Globalizzazione e democrazie
Rimane aperto un problema: mentre gli Usa vogliono il disaccoppiamento delle economie (forti del loro controllo sullo spazio finanziario globale), la Cina preferirebbe proseguire nella globalizzazione senza frontiere. Ciò spiega lo sforzo fatto nella costruzione di una imponente rete di relazioni commerciali (via della seta terrestre e marittima) di cui ora paga un prezzo: molti paesi asiatici e africani non hanno di che rimborsare i prestiti cinesi e –come nel caso dello Sri Lanka o dello Zambia – vanno in default.
La via della seta è lastricata di debiti inesigibili: tra il 2000 e il 2021 Pechino ha garantito crediti per 240 miliardi, investendo in paesi finanziariamente fragili. Argentina, Mongolia, Pakistan, Egitto ed altri, stanno diventando un rischio finanziario per Pechino.
Nel subcontinente latinoamericano il ciclo è di nuovo cambiato con l’avvento al potere di governi di sinistra.

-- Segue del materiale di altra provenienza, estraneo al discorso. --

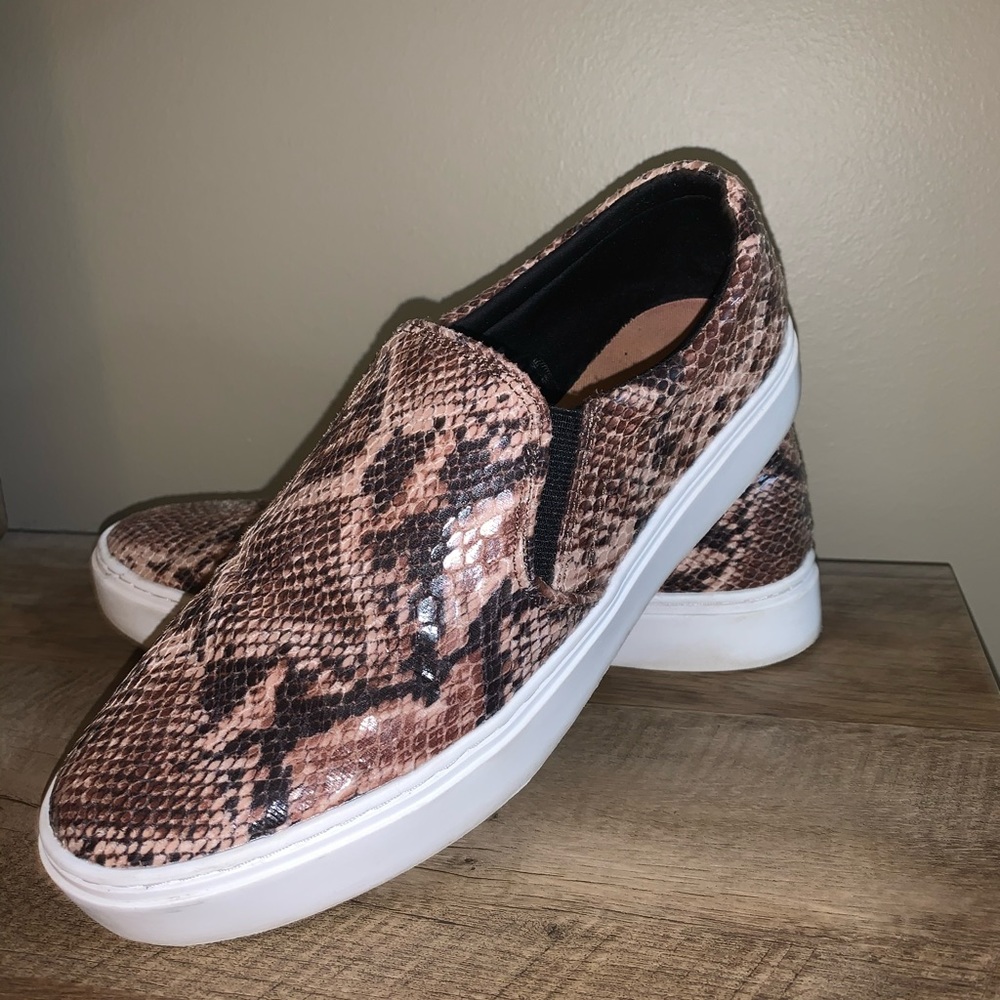 Slip on snake print shoes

Brasile, Colombia, Messico, Argentina, Cile ed altri convergono nel ritenere che la politica occidentale nei confronti della Russia sia troppo unilaterale.
Salvo il Costa Rica, nessuno ha introdotto sanzioni contro Mosca. Anche in tale contesto è in atto un equilibrismo tattico. Tra Usa e il resto del continente rimane aperta la questione migratoria: non è possibile allo stesso tempo contestare il Nafta (come ha preteso l’amministrazione Trump) e ottenere il contenimento dei migranti. Il tema più divisivo tra occidentali e resto del mondo è senz’altro quello della democrazia.
Sono gli occidentali stessi a dividere il mondo in base alle loro valutazioni: l’idea di sostituire l’Onu con un’organizzazione delle democrazie risale a Bill Clinton. A Washington e in Europa si riteneva che l’espansione del commercio globale avrebbe “democraticizzato” il pianeta, e si riservava ai soli stati canaglia un trattamento più duro: l’esportazione della democrazia con le armi. Tutto questo è ormai tramontato. Cina e Russia ritengono di avere sistemi politici migliori e non si sentono affatto inferiori al modello liberal-democratico.
È in corso una lotta di influenze ma la storia ci apprende che i regimi autoritari non sono in grado di analizzare il reale stato di una democrazia. Le voci sul declino occidentale girano a Pechino e a Mosca da almeno due decenni con effetti di auto-propaganda. L’attacco russo all’Ucraina è frutto di tale errata valutazione. L’occidente non deve tuttavia sentirsi troppo al sicuro: tutto può accadere nel mondo fluido e la casa comune rimane l’Onu: meglio riattivare il multilateralismo per garantire regole che evitino il conflitto.